START GIVEN ENTRIES

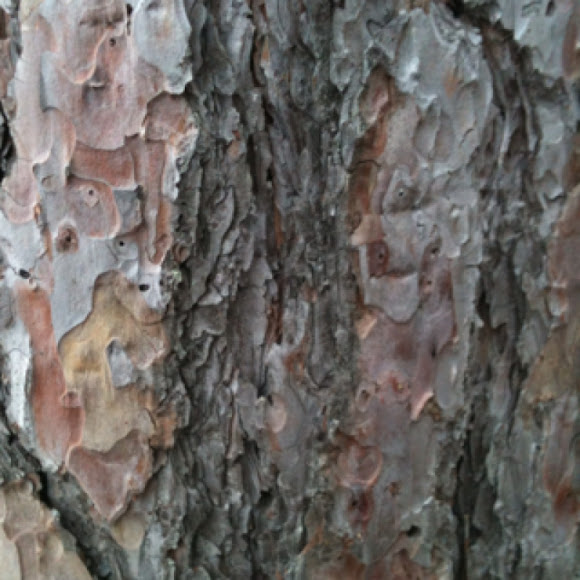 Spotting Image 1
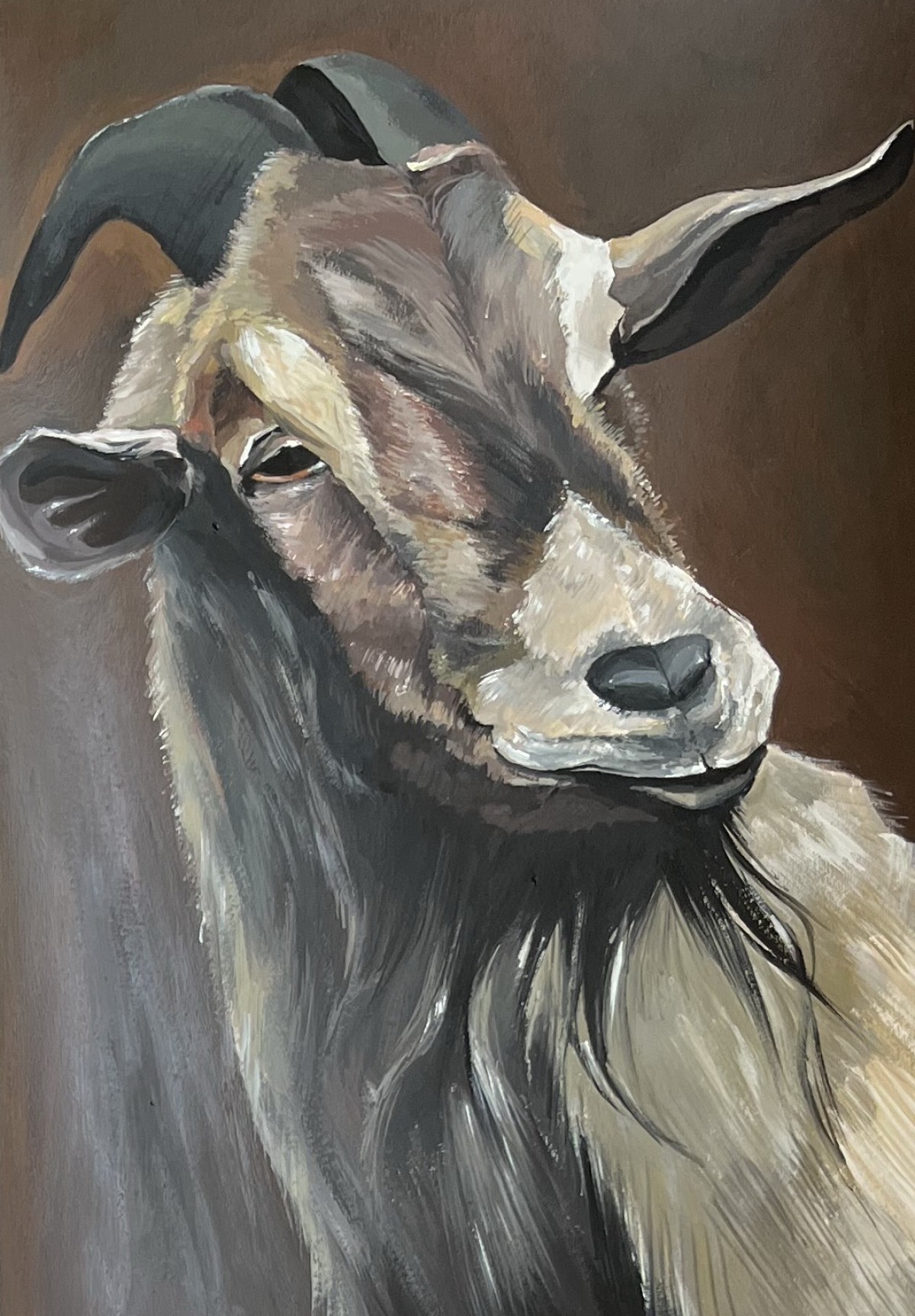 Portrait Of A Goat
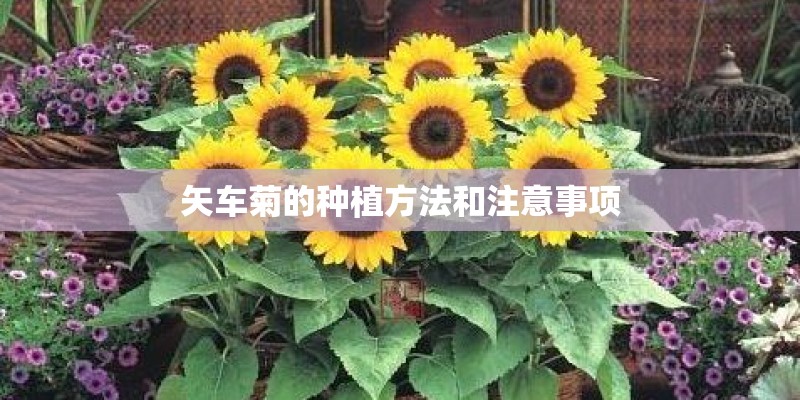 矢车菊的种植方法和注意事项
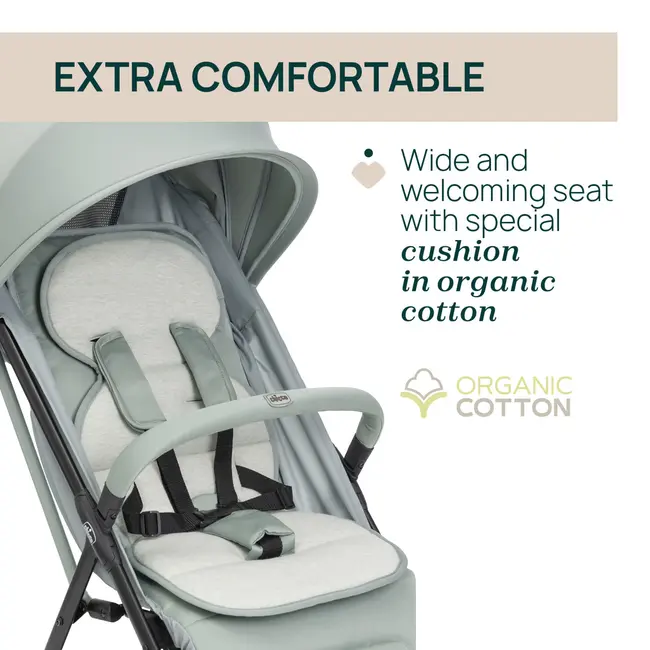 Carucior sport Chicco Taormina, Sage (VerdeGri), 0luni+ CHC8715976-8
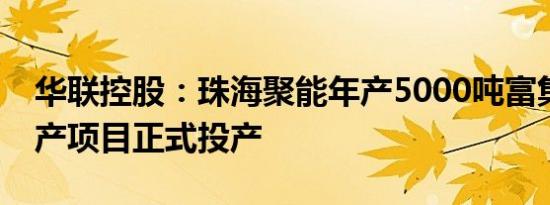 华联控股：珠海聚能年产5000吨富集材料生产项目正式投产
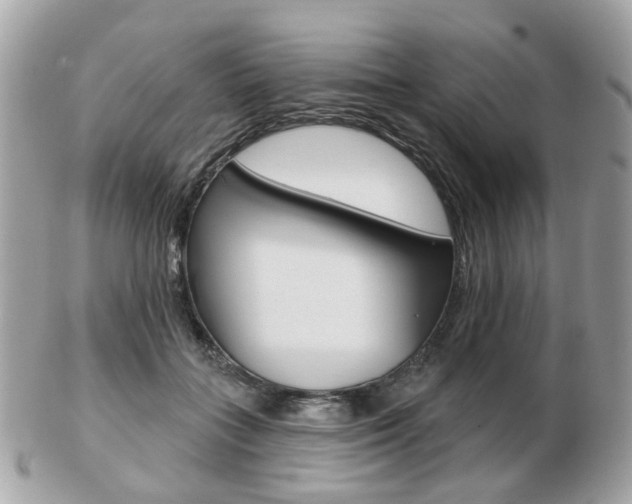 X0000103280555200808291048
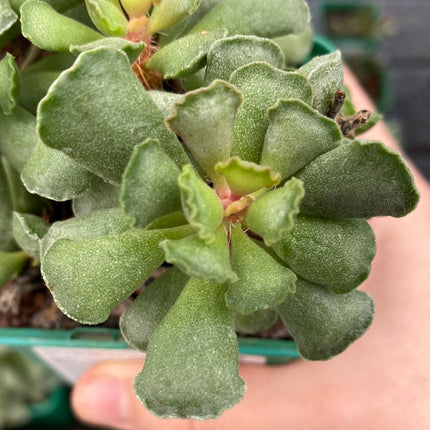 Adromischus cristatus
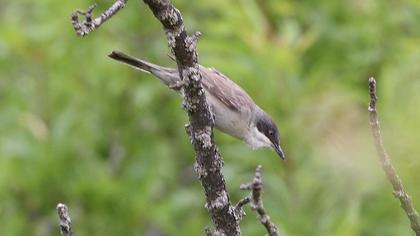 Eastern Orphean Warbler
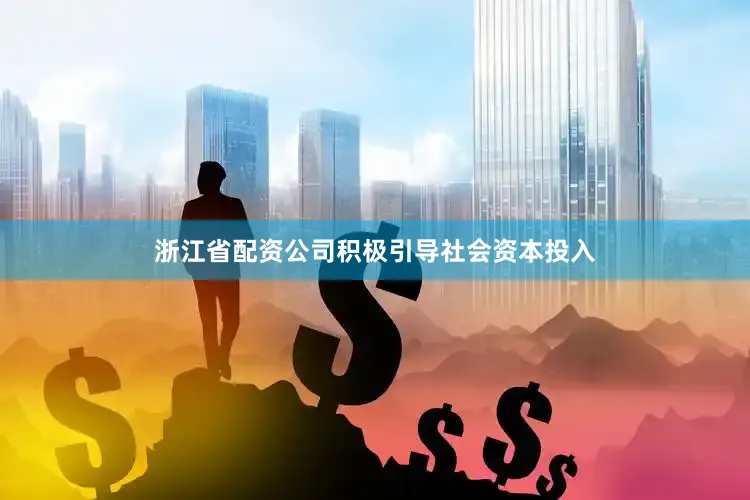 浙江省配资公司积极引导社会资本投入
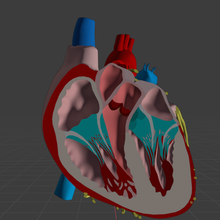 real anatômico coração anatomia órgãos 3d print model - Mito3D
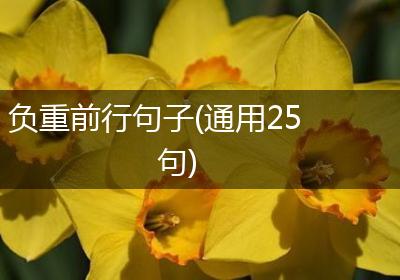 负重前行句子(通用25句)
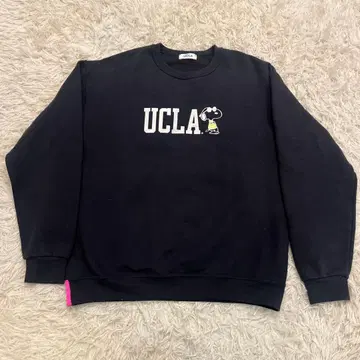 UCLA 스누피 콜라보 트레이닝복 M 사이즈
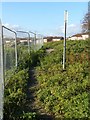 Footpath near Acorn Avenue, Giltbrook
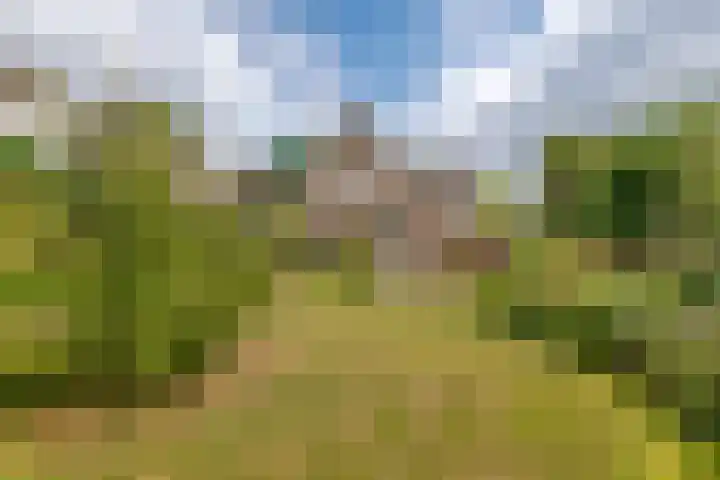Wijenburghlaan 10 Tiel thumbnail 43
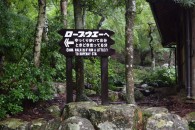 Start of walk to Ropeway on Miyajima Island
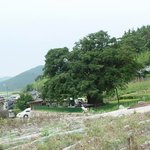 천연기념물 111호 - 진도 임회면 <b>비자</b>나무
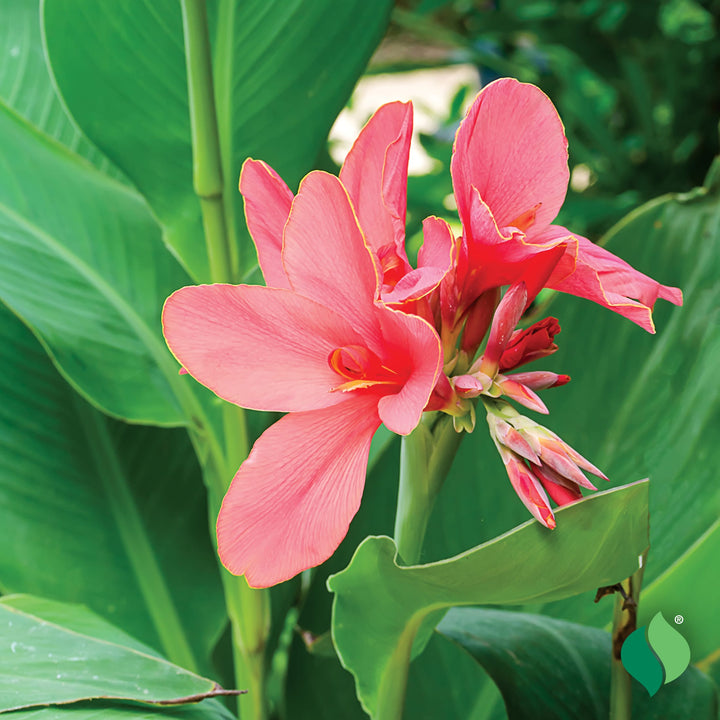 Pink Canna Lily Flower Seeds – Heirloom, Non-GMO, High Germination Organic Garden Seeds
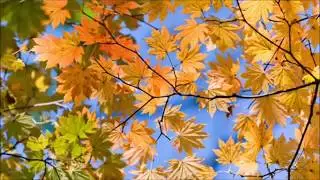 Песня - Старый клён #Музыка #Клип #Топ #Тренд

END GIVEN ENTRIES

TASK
From the records above, copy only the lines running from the line containing "Portrait Of A Goat" to the line containing "UCLA 스누피 콜라보 트레이닝복 M 사이즈", both ends included. Leave the pictures out.

ANSWER TO THIS PROBLEM
 Portrait Of A Goat
 矢车菊的种植方法和注意事项
 Carucior sport Chicco Taormina, Sage (VerdeGri), 0luni+ CHC8715976-8
 华联控股：珠海聚能年产5000吨富集材料生产项目正式投产
 X0000103280555200808291048
 Adromischus cristatus
 Eastern Orphean Warbler
 浙江省配资公司积极引导社会资本投入
 real anatômico coração anatomia órgãos 3d print model - Mito3D
 负重前行句子(通用25句)
 UCLA 스누피 콜라보 트레이닝복 M 사이즈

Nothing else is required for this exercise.